Back when I first started, I couldn’t get a credential to save my life. I remember for years the NBA wouldn’t give us credentials even to the All-Star Game. We couldn’t get a credential to the World Cup or the Super Bowl, and we spent the first couple of years while I was at Yahoo, figuring out how to cover events without exactly attending the games. I remember sitting in a room with five people before our first Super Bowl and saying we were going to send a team to Miami. We don’t have broadcast trucks, all we have is our cameras and laptops. We had to do everything online and upload the videos on the spotty hotel internet because we could not get into the credentialed media workspace. Then there was a couple of big things that shifted. I remember talking to NASCAR; there was an event in the Bay Area. We wanted to get credentials because it was in our backyard and they were like, why the hell should we give credentials to a website? Eventually, we were able to convince them to give us a few credentials and then they saw the type of content we were creating both with writers and video. Also, people were responding and that we got a more of response online than they were getting, and that opens the door.

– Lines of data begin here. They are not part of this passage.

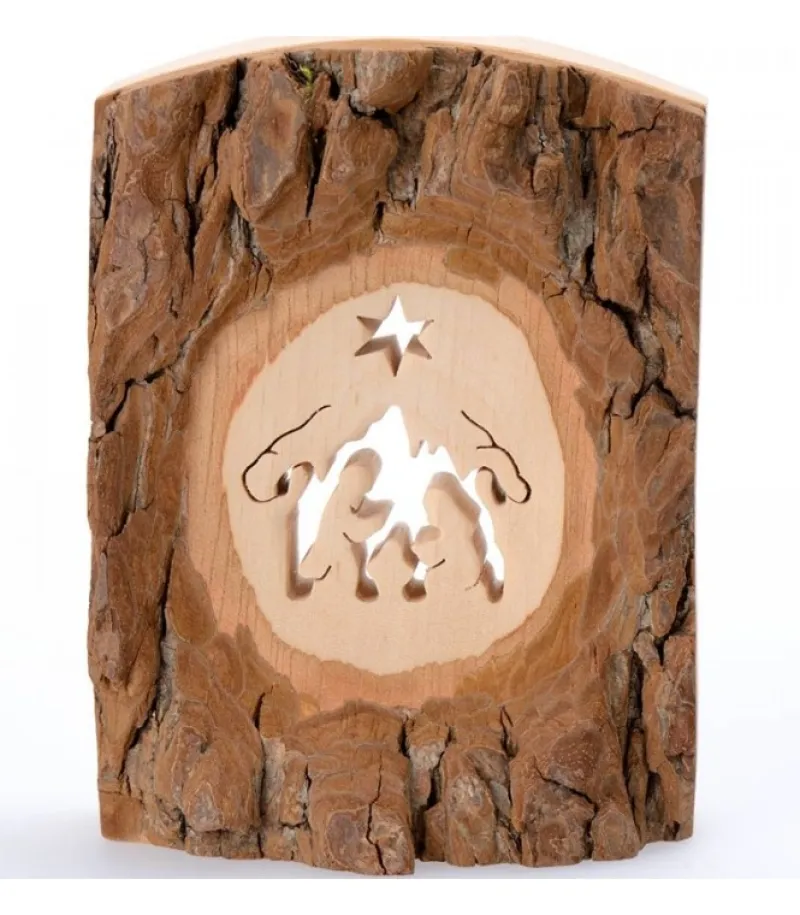 Crèche A Poser En Ecorce De Bois, 11 Cm<Waldfabrik, photophore en bois et étoile sapin de Noël Hot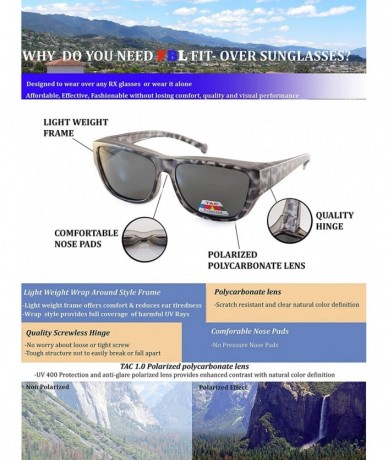 Wrap Unisex Large Polarized Matte Camo Print Fit-Over Rectangular Sunglasses P024 - Green - CR18M4ELXIY $13.10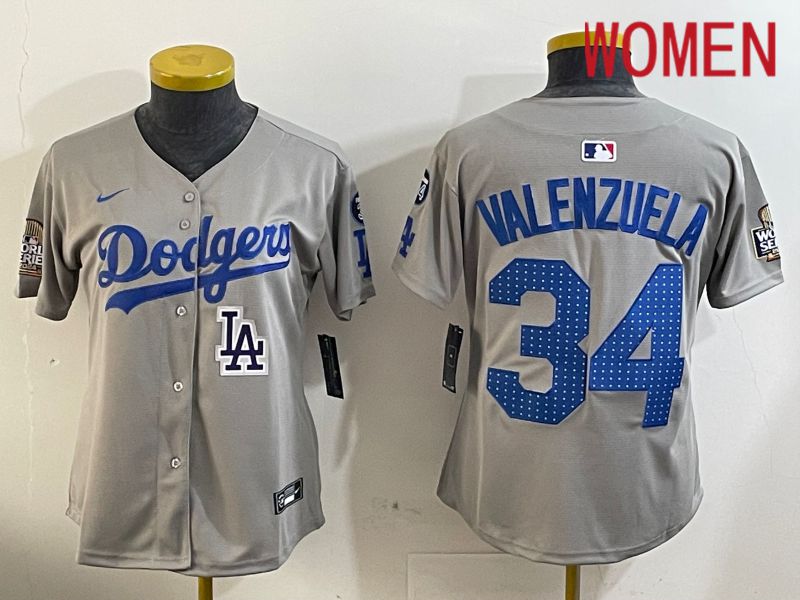 Women Los Angeles Dodgers #34 Valenzuela Grey Game 2024 Nike MLB Jersey style 1205->women mlb jersey->Women Jersey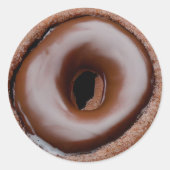 Schokolade Mattiert Donut Runder Aufkleber (Vorderseite)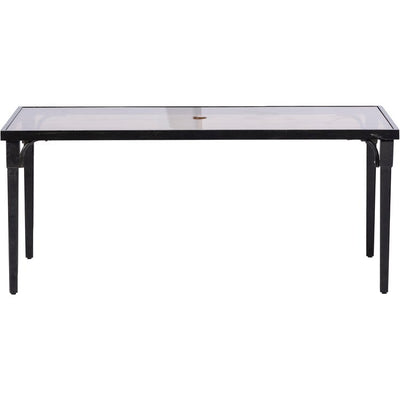 Brigantine Seven-Piece Outdoor Dining Set with Glass Top Table and 9' Umbrella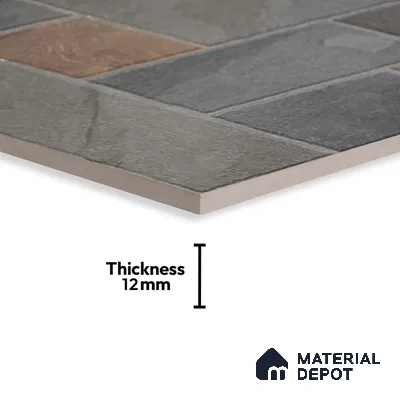 Stone Floor Tile TL 10364 D Evora Bronze Decor 2 ft x 2 ft Matte Finish Anti Skid Vitrified Tile - 12 mm | Suitable for Balcony, Terrace & Coutyard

How did this process shift to events like the Olympics?
We had been covering the Olympics, but the moment that really shifted things happened in China. We went to the Beijing Olympics in 2008. A the time the person leading Yahoo Sports was Dave Morgan. Dave had worked out a way for us to share our workspace with the US Olympic Committee. So they have their workspace set up where people, all the journalists, would come every day and see what was available as far as stories, coverage, and access to athletes. We set up our video operations side-by-side with them. And again, most of us were uncredentialed. But, you couldn’t notice it from our coverage of the event, and they saw our work ethic and the type of content we created. They also saw the professional journalism that we did and literally at the end of the Olympics came and said to us, “anything you need we got your back”. Everything changed after that, and we were able to learn how to cover an event without being inside the venue to shoot it.
What was the reason that you decided to depart from Yahoo in 2014?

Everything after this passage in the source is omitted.